BEGIN
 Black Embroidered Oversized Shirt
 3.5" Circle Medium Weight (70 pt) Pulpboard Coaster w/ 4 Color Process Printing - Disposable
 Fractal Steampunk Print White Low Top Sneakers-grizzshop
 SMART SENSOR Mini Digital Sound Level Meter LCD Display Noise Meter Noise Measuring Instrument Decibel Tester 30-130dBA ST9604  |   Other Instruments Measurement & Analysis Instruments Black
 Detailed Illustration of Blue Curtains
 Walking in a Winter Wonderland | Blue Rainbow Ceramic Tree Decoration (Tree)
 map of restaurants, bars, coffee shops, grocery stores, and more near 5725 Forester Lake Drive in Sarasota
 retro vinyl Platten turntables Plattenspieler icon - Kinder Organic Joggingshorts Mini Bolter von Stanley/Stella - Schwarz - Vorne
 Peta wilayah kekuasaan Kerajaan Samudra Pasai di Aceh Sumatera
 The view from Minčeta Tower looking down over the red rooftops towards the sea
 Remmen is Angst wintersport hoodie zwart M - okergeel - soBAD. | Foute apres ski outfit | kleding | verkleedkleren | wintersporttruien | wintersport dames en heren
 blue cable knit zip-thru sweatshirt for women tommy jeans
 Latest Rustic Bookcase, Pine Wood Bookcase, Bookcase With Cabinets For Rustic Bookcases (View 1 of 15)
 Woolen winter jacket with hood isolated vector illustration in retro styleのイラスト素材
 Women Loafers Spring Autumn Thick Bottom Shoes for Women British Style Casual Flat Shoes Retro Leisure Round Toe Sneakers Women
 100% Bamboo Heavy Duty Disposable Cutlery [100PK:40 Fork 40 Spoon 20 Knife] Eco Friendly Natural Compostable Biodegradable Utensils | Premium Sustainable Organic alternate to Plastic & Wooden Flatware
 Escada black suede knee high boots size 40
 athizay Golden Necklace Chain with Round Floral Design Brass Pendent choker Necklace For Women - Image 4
END
Show each line from the listing above that includes the word "Sneakers".

 Fractal Steampunk Print White Low Top Sneakers-grizzshop
 Women Loafers Spring Autumn Thick Bottom Shoes for Women British Style Casual Flat Shoes Retro Leisure Round Toe Sneakers Women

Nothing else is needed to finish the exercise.